Peter Ambrose, a passionate, committed and radical academic who worked at the University of Sussex for 33 years, has died aged 79.

Peter AmbroseBorn in London in 1933, he left school at 16 and worked for the National Bank of New Zealand for a decade. That job was interrupted for two years in the early 1950s by National Service; Peter flew operationally with Coastal Command.

His experiences in London both as a child and then of the austerity of the early post-war years were to provide the raison d'être for his subsequent university career. His former colleague, Peter Dickens, extends the argument, adding that “even Peter's rather suspect support for Millwall Football Club can be traced to his origins in south east London”. 

Peter was a late arrival in the academic world.  ‘A levels’ in 1960 were followed by degrees at Kings College London and McGill University where he was a Commonwealth Scholar. He was appointed Assistant Lecturer in Geography in the School of Social Sciences at Sussex in 1965.

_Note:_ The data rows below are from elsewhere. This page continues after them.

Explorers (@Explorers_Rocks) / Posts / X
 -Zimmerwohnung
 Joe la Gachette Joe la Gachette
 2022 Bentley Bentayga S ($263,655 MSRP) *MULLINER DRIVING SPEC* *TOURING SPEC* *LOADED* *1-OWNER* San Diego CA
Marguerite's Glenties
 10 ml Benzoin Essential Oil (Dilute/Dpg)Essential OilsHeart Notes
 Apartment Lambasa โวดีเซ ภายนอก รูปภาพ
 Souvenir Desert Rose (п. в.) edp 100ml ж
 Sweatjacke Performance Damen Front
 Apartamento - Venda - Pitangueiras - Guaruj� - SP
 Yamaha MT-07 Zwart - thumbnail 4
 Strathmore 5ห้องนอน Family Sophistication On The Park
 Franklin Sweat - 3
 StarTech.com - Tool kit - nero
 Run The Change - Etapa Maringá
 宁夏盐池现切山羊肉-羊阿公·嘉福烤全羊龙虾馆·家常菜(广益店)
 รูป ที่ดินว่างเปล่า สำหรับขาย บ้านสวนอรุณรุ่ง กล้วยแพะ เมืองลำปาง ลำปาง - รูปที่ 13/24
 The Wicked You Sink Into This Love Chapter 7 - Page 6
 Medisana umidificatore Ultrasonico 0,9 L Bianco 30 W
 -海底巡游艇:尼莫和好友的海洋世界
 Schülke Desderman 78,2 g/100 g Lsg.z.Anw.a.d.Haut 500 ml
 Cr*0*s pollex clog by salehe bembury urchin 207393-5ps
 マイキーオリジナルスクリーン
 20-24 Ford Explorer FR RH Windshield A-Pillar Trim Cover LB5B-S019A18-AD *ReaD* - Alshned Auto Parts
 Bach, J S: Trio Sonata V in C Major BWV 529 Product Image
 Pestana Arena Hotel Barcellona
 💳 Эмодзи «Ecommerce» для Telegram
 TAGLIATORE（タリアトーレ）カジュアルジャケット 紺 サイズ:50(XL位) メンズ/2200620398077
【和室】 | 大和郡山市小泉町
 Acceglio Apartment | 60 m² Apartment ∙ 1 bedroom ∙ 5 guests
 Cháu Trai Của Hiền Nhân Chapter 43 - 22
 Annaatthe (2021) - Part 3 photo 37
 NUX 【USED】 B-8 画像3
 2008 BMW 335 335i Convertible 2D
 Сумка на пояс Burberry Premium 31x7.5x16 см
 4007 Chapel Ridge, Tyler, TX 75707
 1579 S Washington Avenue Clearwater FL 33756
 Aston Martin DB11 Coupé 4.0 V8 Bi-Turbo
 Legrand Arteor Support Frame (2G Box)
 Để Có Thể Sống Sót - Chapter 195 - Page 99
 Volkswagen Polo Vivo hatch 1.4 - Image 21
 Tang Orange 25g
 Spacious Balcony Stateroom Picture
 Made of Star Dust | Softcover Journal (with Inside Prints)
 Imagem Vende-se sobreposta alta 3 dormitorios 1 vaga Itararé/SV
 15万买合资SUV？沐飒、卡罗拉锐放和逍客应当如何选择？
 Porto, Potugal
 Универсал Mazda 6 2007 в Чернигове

A decade later he transferred to the School of Cultural and Community Studies (CCS) and the Urban Studies Subject Group. He relished the possibilities and freedoms provided by the interdisciplinarity of Urban Studies and CCS school courses. He was able to focus on – and subsequently never swerved from - issues of land, property, housing, finance and the resultant questions of social justice.

In 1974 his book The Quiet Revolution was published. Ostensibly an historical study of the village of Ringmer, in reality the last 20 pages provide his academic manifesto. The final two sentences reveal Peter’s passion to address social and political inequalities:

"But something is terribly wrong when developers have the licence to produce villages as socially unbalanced and aesthetically insensitive as Ringmer and when, to take an extreme case, they can profit from millions of square feet of empty office space in London when countless men, women and children are homeless. So long as abuses such as these are possible, the quiet revolution is not yet complete."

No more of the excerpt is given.